_About this task:_
Output only the stretch of the listing that starts at the line containing "Hypoxis acuminata" and ends at the line containing "牛，右后肢前踏，不能负重，关", reproduced exactly with both ends.

_Records provided:_
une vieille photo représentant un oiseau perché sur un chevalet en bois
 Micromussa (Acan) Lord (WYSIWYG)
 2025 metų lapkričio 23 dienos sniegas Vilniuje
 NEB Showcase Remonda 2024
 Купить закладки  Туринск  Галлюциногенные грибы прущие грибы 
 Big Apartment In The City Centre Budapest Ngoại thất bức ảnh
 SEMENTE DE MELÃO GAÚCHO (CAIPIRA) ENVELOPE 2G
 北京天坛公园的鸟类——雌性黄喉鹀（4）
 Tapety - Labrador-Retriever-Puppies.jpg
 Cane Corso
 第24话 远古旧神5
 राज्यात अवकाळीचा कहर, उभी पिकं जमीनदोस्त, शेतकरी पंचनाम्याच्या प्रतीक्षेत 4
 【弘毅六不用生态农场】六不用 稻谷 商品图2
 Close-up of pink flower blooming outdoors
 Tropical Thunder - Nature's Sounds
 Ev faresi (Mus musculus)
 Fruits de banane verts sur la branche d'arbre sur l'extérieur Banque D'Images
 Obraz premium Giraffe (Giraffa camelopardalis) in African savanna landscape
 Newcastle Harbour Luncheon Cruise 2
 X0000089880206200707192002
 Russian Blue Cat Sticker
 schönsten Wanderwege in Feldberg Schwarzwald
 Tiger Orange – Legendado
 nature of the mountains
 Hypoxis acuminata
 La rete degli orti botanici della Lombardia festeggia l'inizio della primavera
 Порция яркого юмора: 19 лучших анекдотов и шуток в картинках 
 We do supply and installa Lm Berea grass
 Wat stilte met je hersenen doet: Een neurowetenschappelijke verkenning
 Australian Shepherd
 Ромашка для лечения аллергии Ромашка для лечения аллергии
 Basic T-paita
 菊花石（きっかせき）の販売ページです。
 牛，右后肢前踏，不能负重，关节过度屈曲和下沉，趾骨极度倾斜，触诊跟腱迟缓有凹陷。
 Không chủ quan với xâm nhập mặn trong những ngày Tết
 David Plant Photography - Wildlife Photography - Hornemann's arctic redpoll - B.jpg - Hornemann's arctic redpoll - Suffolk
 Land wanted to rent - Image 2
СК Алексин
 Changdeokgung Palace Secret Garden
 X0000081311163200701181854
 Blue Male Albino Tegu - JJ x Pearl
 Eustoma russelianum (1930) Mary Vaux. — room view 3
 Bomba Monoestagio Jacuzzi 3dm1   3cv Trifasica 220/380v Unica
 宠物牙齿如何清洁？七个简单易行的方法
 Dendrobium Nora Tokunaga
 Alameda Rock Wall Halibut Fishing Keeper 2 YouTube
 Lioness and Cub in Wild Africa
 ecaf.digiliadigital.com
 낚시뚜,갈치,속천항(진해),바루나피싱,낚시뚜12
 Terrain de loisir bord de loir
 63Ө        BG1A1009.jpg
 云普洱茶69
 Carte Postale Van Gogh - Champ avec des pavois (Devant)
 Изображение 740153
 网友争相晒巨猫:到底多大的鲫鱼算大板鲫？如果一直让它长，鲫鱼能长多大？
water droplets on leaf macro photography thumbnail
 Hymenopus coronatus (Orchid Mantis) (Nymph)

_Solution:_
 Hypoxis acuminata
 La rete degli orti botanici della Lombardia festeggia l'inizio della primavera
 Порция яркого юмора: 19 лучших анекдотов и шуток в картинках 
 We do supply and installa Lm Berea grass
 Wat stilte met je hersenen doet: Een neurowetenschappelijke verkenning
 Australian Shepherd
 Ромашка для лечения аллергии Ромашка для лечения аллергии
 Basic T-paita
 菊花石（きっかせき）の販売ページです。
 牛，右后肢前踏，不能负重，关节过度屈曲和下沉，趾骨极度倾斜，触诊跟腱迟缓有凹陷。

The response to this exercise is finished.